Bulgaria's finance minister has launched a probe into the allegedly inflated prices that local mobile operators charge, the highest across the European Union, promising justice for the clients.
"We are currently analyzing the market of telephone services. Our initial study showed that mobile prices in Bulgaria do mark a decrease, but much more slowly than they have to," Minister Simeon Djankov told the morning broadcast of bTV private channel.
"Prices are falling everywhere. In Bulgaria they do as well, but at a much slower pace.
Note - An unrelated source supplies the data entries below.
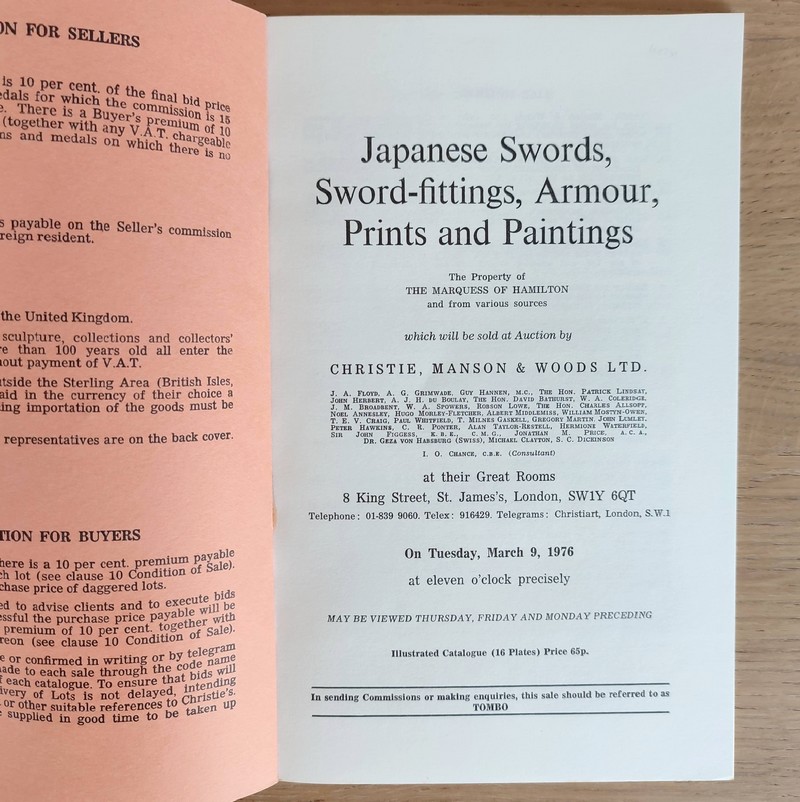 Japanese swords, sword-fittings, armour, print and paintings. Christie's, on Mars 9, 1976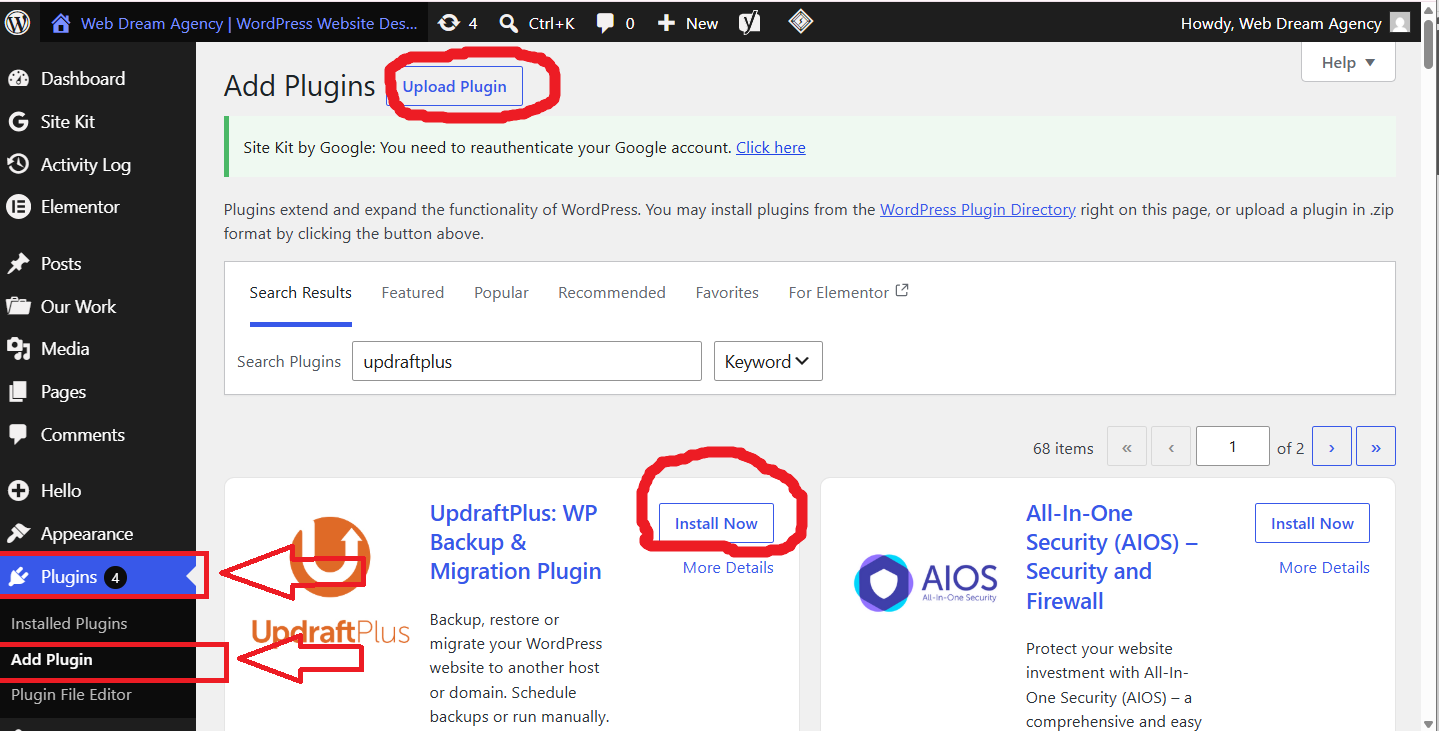 Install UpdraftPlus WordPress backup plugin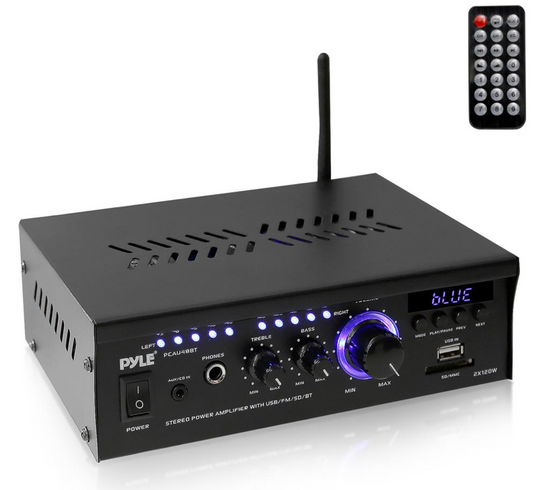 Bluetooth Mini Blue Series Stereo Power Amplifier - USB/SD Readers, USB Charge, RCA/AUX Input, Remote Control (2 x 120 Watt)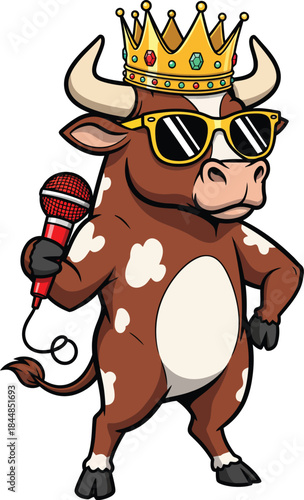 Cool cartoon bull wearing a gold crown and sunglasses holding a red microphone and singing like a king.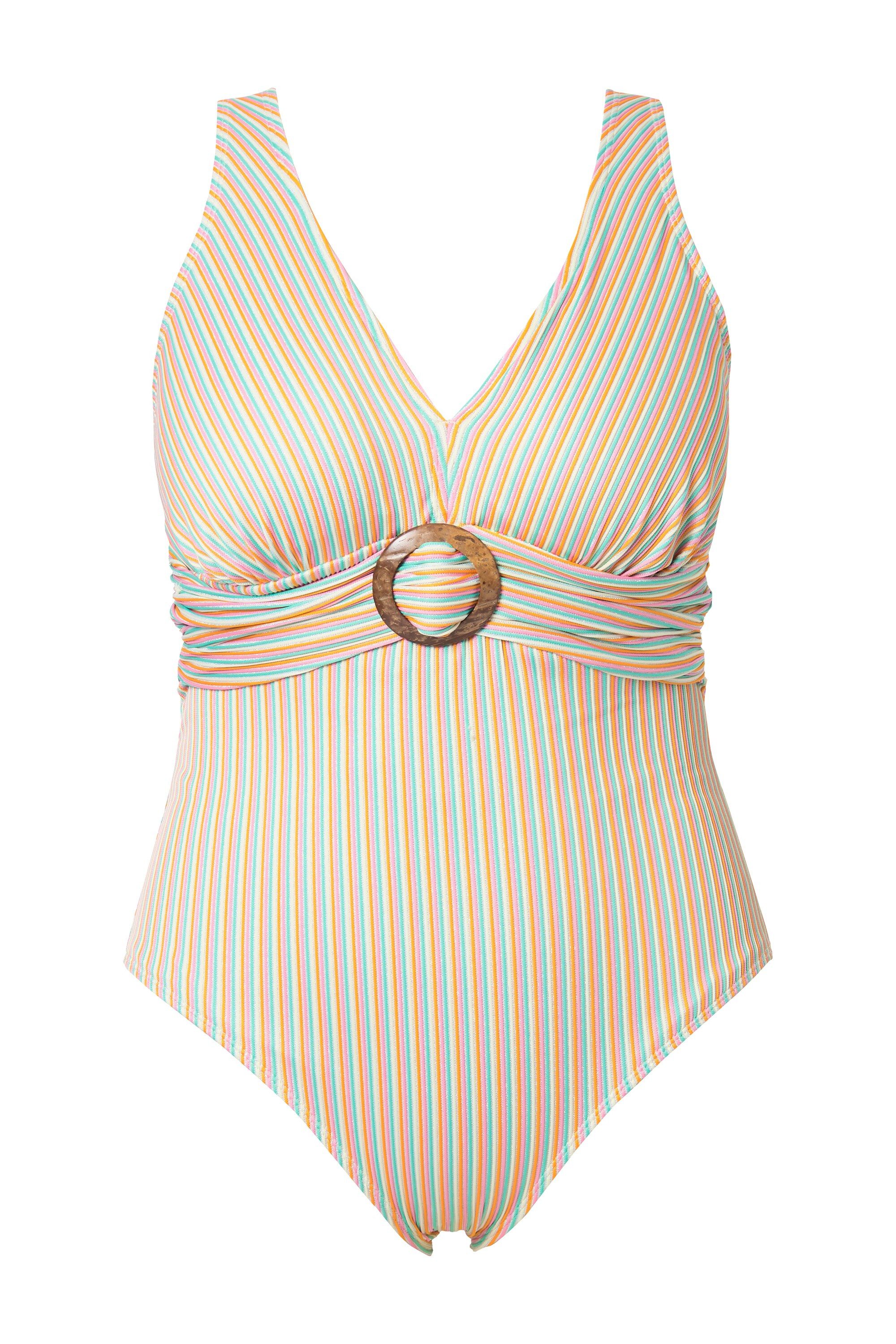 Ulla Popken Badeanzug Badeanzug Streifenstruktur Softcups Zierring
Which shows that there is a problem," Djankov said.
The finance ministry's analysis of the mobile market will cover the last seven or eight years and in case of breaches of clients' interests, the regulatory body will be approached.
"If there are irregularities, we will fight for our rights," he added.
The heated debate over the exorbitant prices Bulgarians pay for mobile calls was triggered by the European Commission warning that it will sanction the country over the inflated prices.
The Commission is about to issue recommendations which the Bulgarian regulatory authority CRC will be "obliged to take into utmost account", Digital Agenda Commissioner Neelie Kroes said, as cited by EurActive.
The statement came in reply to a question by Andrey Kovachev, MEP from the ruling party GERB, who inquired how the commission plans to resume cuts to mobile termination rates,
Bulgaria's watchdog, the Communications Regulation Commission (CRC) cut termination rates to 6.64 eurocents/min (July 2010) under Brussels pressure, but while the EU average already stands below 4.91 eurocents/min, levels in Bulgaria remain unchanged.
CRC has promised that it will undertake steps to resume cuts to mobile rates and bring them down by up to 25% as of next year, but the regulatory body seems to have no efficient tools to force the operators into that.
CRC has previously threatened the mobile operators with sanctions, but these appear ridiculously low compared to the companies' profits.